__Task details__
Copy out exactly the stretch below, from the line with "Astragalus succumbens" through the line with "Sunflower Fields", both included; the pictures stay out.

__Entries provided__
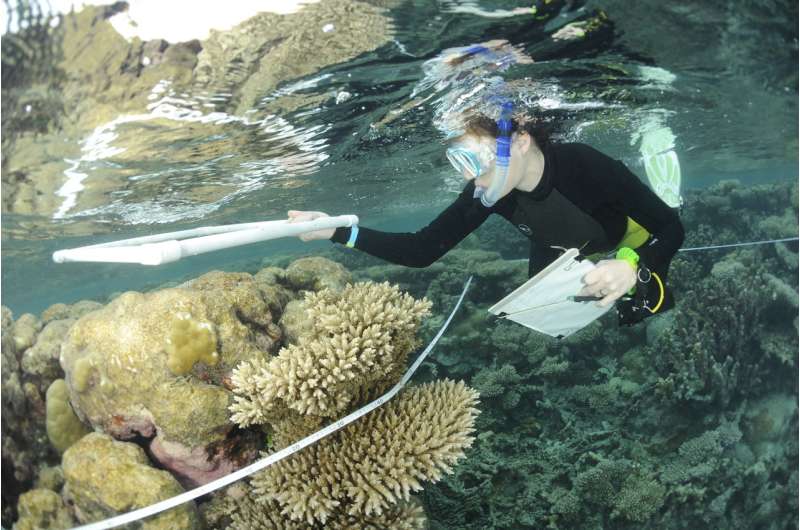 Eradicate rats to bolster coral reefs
* * *
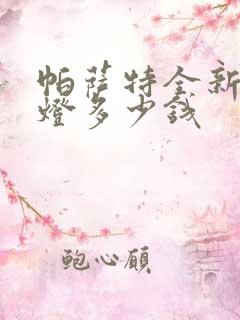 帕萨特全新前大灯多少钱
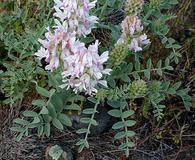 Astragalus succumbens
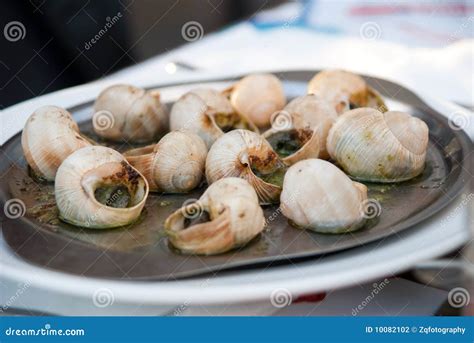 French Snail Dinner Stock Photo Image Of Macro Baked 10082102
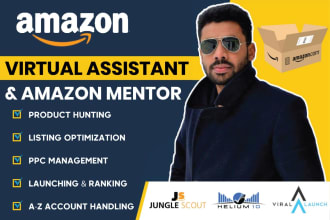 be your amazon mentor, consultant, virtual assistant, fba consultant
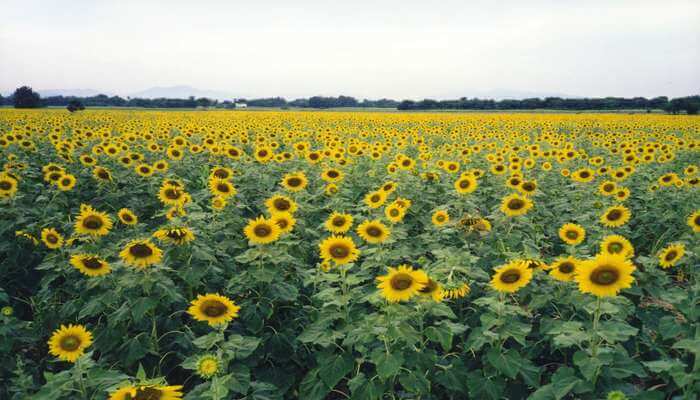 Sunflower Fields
...
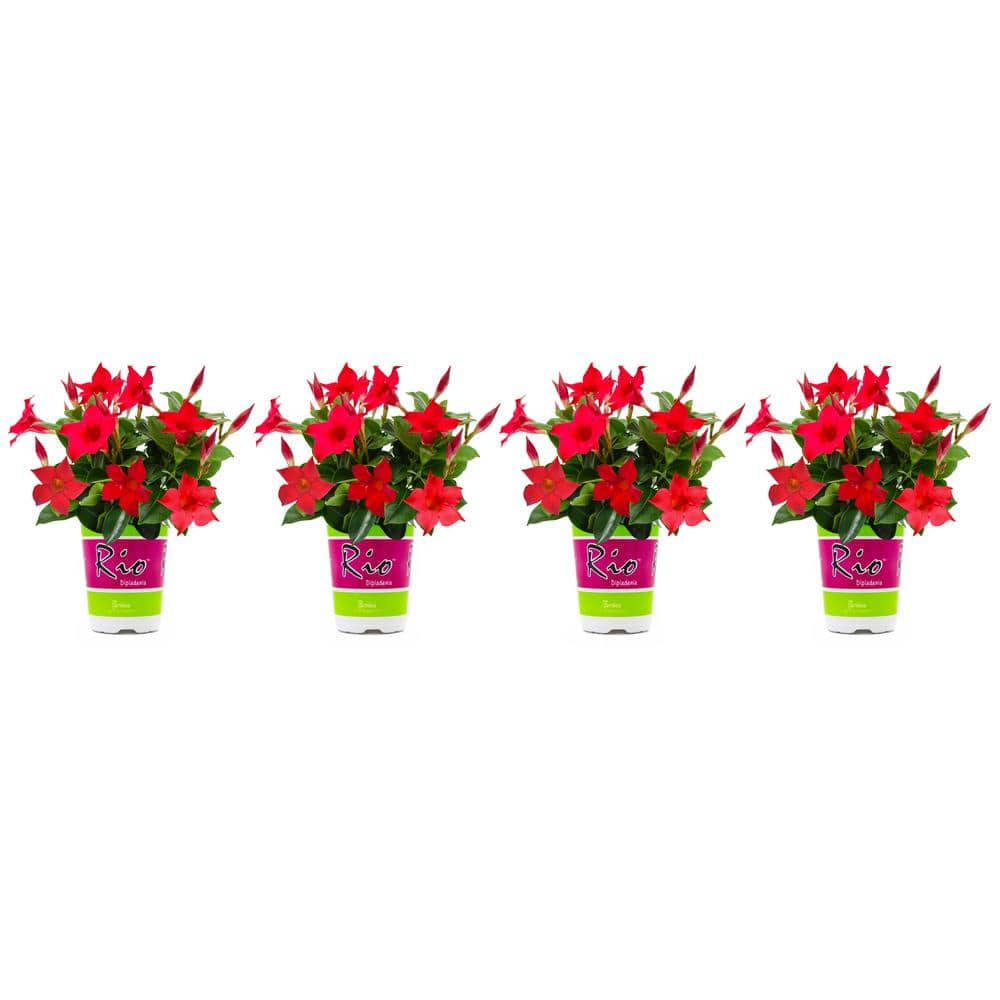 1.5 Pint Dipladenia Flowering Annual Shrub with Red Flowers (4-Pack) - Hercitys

__Expected output__
 Astragalus succumbens
 French Snail Dinner Stock Photo Image Of Macro Baked 10082102
 be your amazon mentor, consultant, virtual assistant, fba consultant
 Sunflower Fields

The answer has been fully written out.